▶ _Work required_: Please restate each entry word for word and leave the pictures out.

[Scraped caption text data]
^^^^^^^^^^^^^^^^

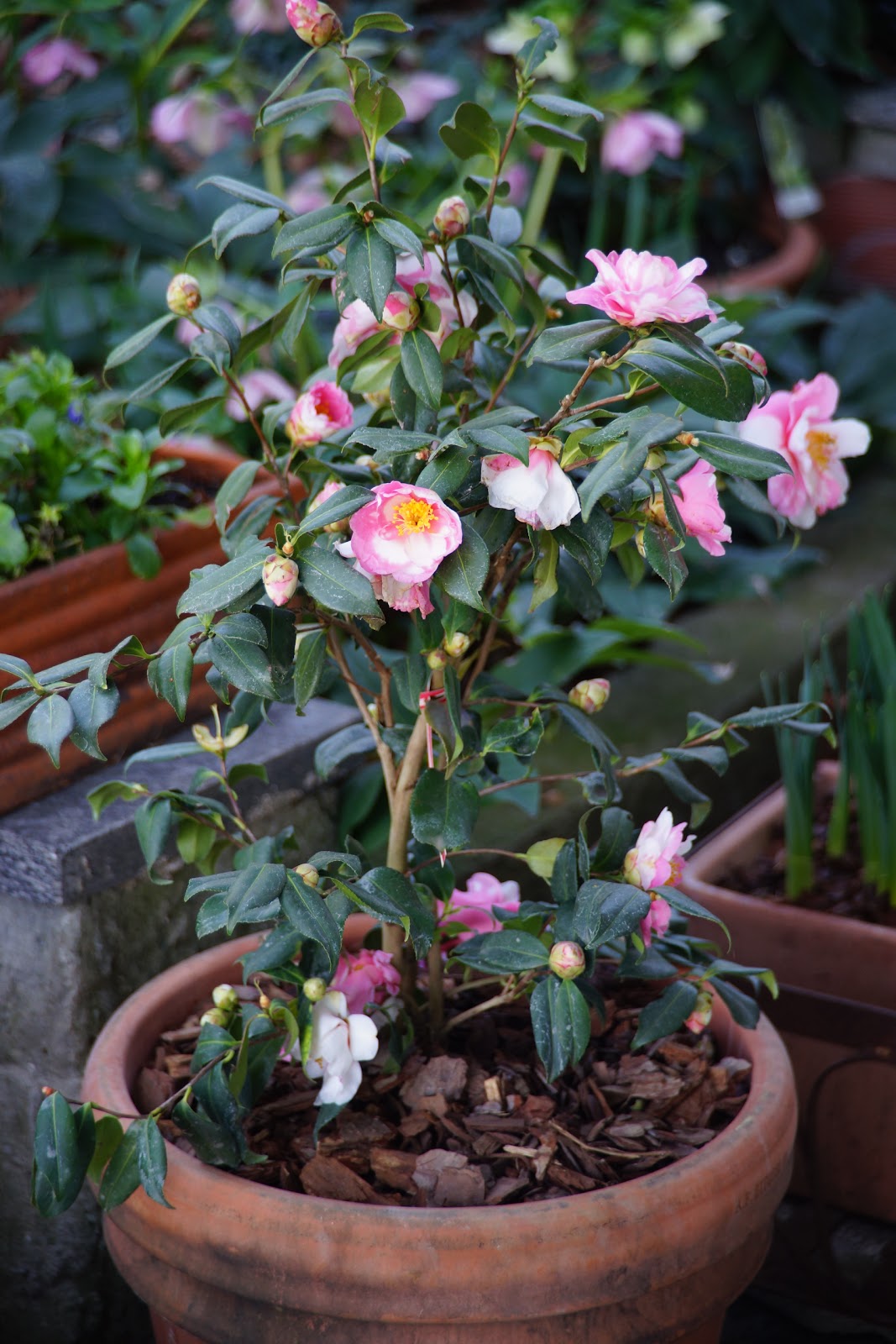 Naturalmente Giardino Camelia Vernalis Shibori Egao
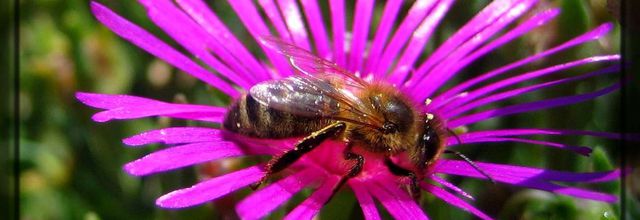 Y a pas que l'abeille qui perdit la tête !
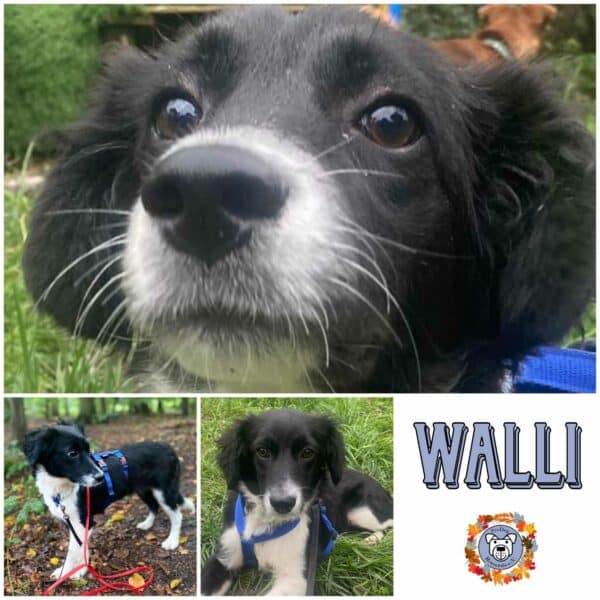 WALLI (♀) in 63069 Offenbach - vermittelt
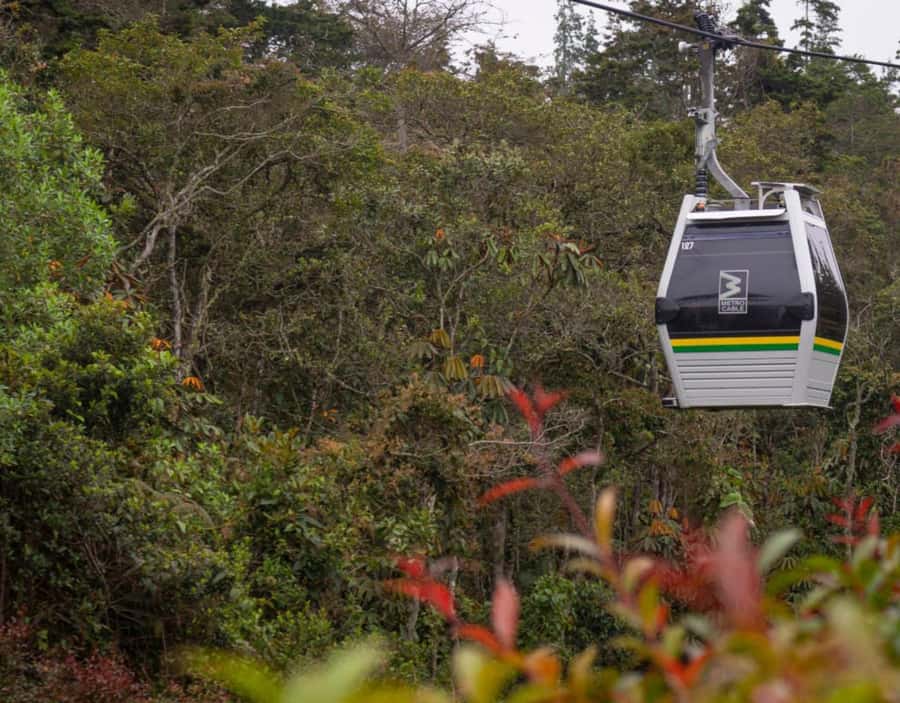 Medellín: Botanical Garden and Arvi Park City Tour - The Metrocable ride is more than a transfer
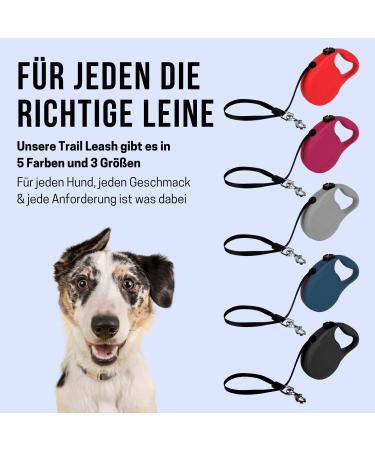 Buy High-Quality 5m Cong Roll-Out Dog Leash for Small Dogs up to 20kg - Compact Lightweight Break & Lock System - Ideal for Small Breeds - Black - Buy Online on SooperMarket.com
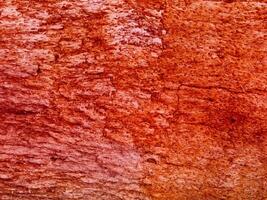 Texture Of Red Stone In The Garden photo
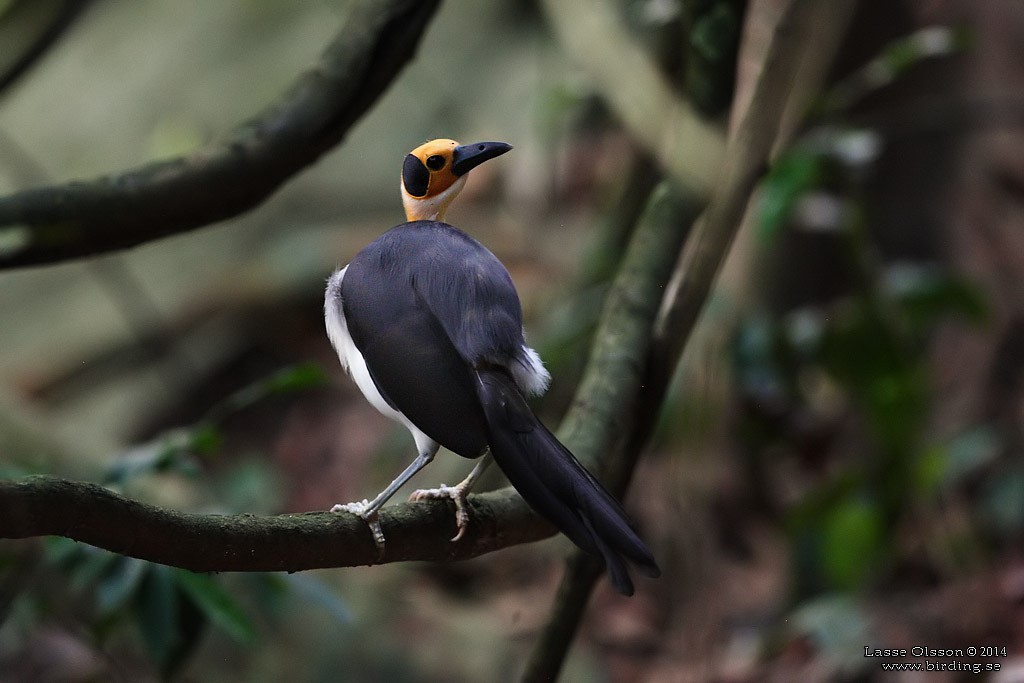 White-necked Rockfowl - ML124399791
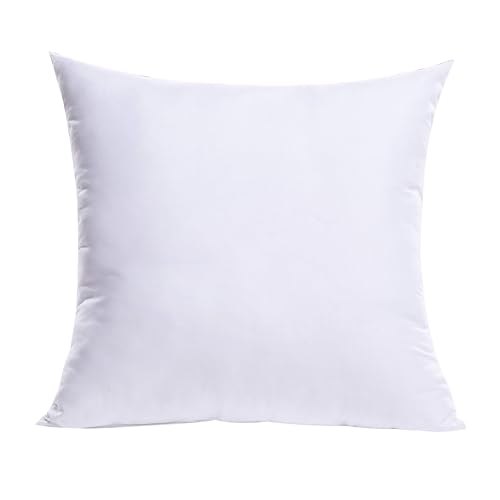 MIULEE 27x27 Euro Throw Pillow Insert for Couch Sofa Bed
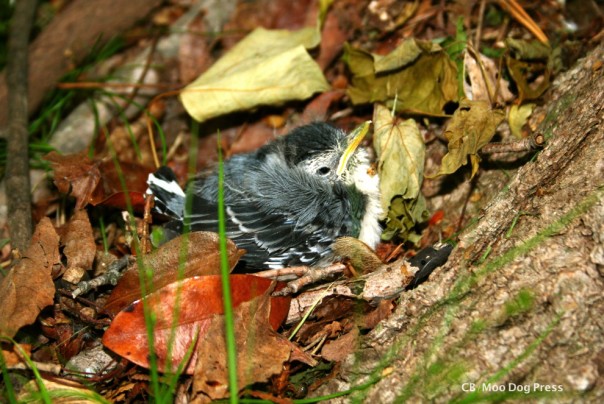 A baby bird between the folds of a massive maple tree's roots.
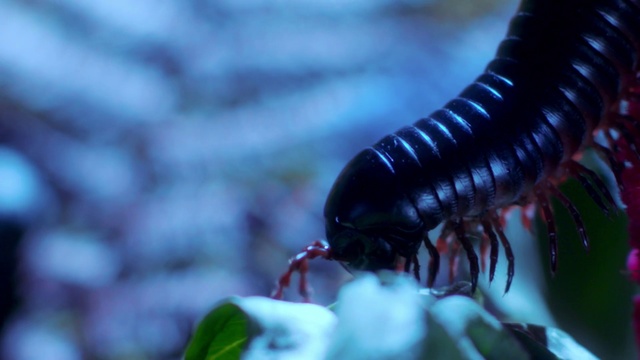Video Reference N3: Insect, Invertebrate, Macro photography, Pest, Organism, Close-up, millipedes, Photography, Centipede, Arthropod
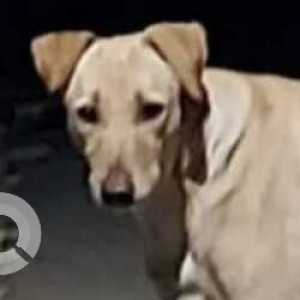 Missing: Brown Female Indie Dog from C Block, GK-1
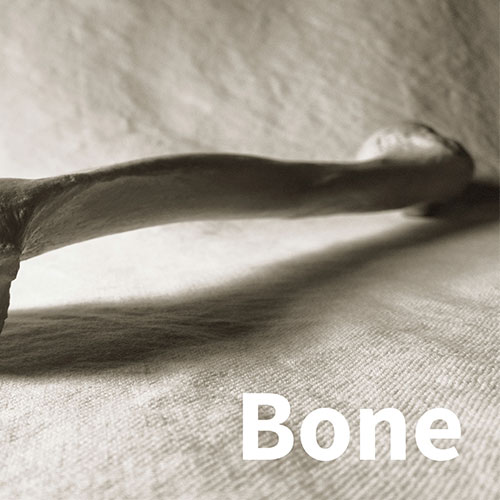 bone SQUID® Raamdecoratie Blomsma Print & Sign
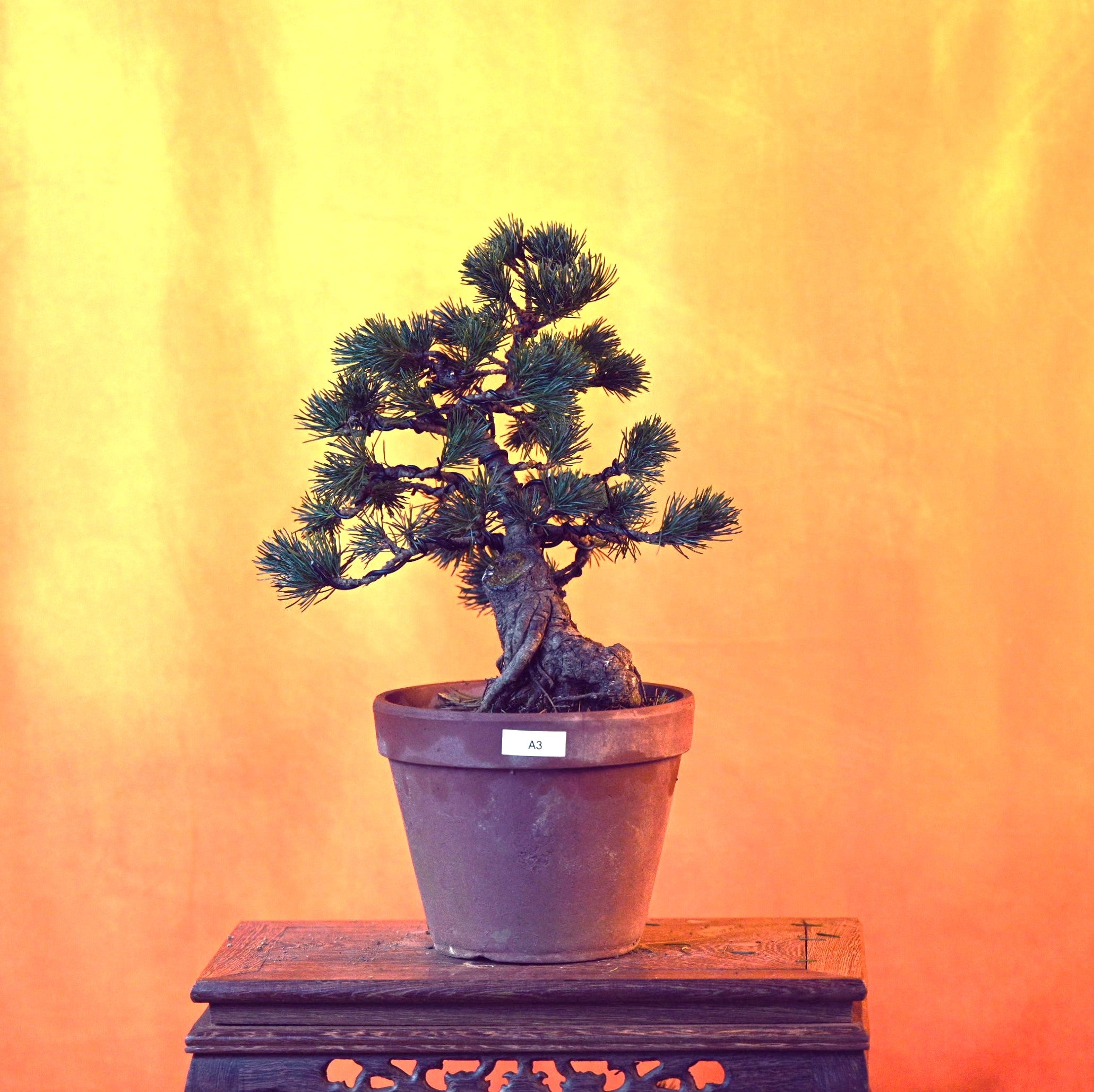 live-japanese-white-pine-five-needle-with-decorative-container-same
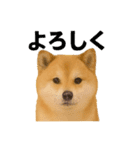 柴犬とトイプードル日常会話（個別スタンプ：6）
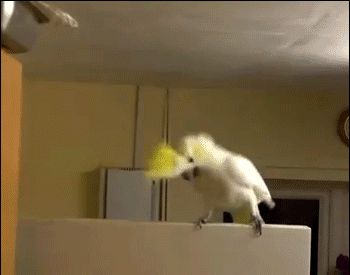 敢在猫主子上动土,这只龙猫估计活不过今晚了.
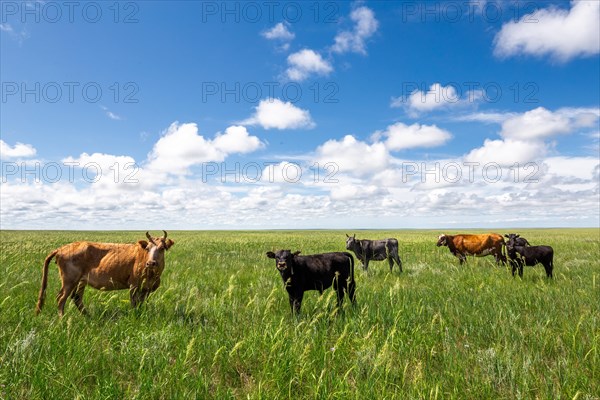 Menen Steppe is huge area with small hills which border basin of Numrug and Khalkh Gol Rivers. Dornod province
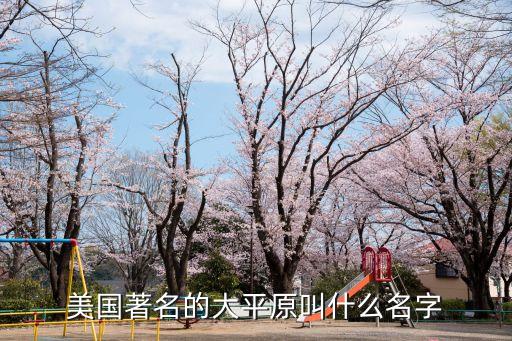 美國著名的大平原叫什么名字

^^^^^^^^^^^^^^^^

▶ _The answer_:
 Naturalmente Giardino Camelia Vernalis Shibori Egao
 Y a pas que l'abeille qui perdit la tête !
 WALLI (♀) in 63069 Offenbach - vermittelt
 Medellín: Botanical Garden and Arvi Park City Tour - The Metrocable ride is more than a transfer
 Buy High-Quality 5m Cong Roll-Out Dog Leash for Small Dogs up to 20kg - Compact Lightweight Break & Lock System - Ideal for Small Breeds - Black - Buy Online on SooperMarket.com
 Texture Of Red Stone In The Garden photo
 White-necked Rockfowl - ML124399791
 MIULEE 27x27 Euro Throw Pillow Insert for Couch Sofa Bed
 A baby bird between the folds of a massive maple tree's roots.
Video Reference N3: Insect, Invertebrate, Macro photography, Pest, Organism, Close-up, millipedes, Photography, Centipede, Arthropod
 Missing: Brown Female Indie Dog from C Block, GK-1
 bone SQUID® Raamdecoratie Blomsma Print & Sign
 live-japanese-white-pine-five-needle-with-decorative-container-same
 柴犬とトイプードル日常会話（個別スタンプ：6）
 敢在猫主子上动土,这只龙猫估计活不过今晚了.
 Menen Steppe is huge area with small hills which border basin of Numrug and Khalkh Gol Rivers. Dornod province
 美國著名的大平原叫什么名字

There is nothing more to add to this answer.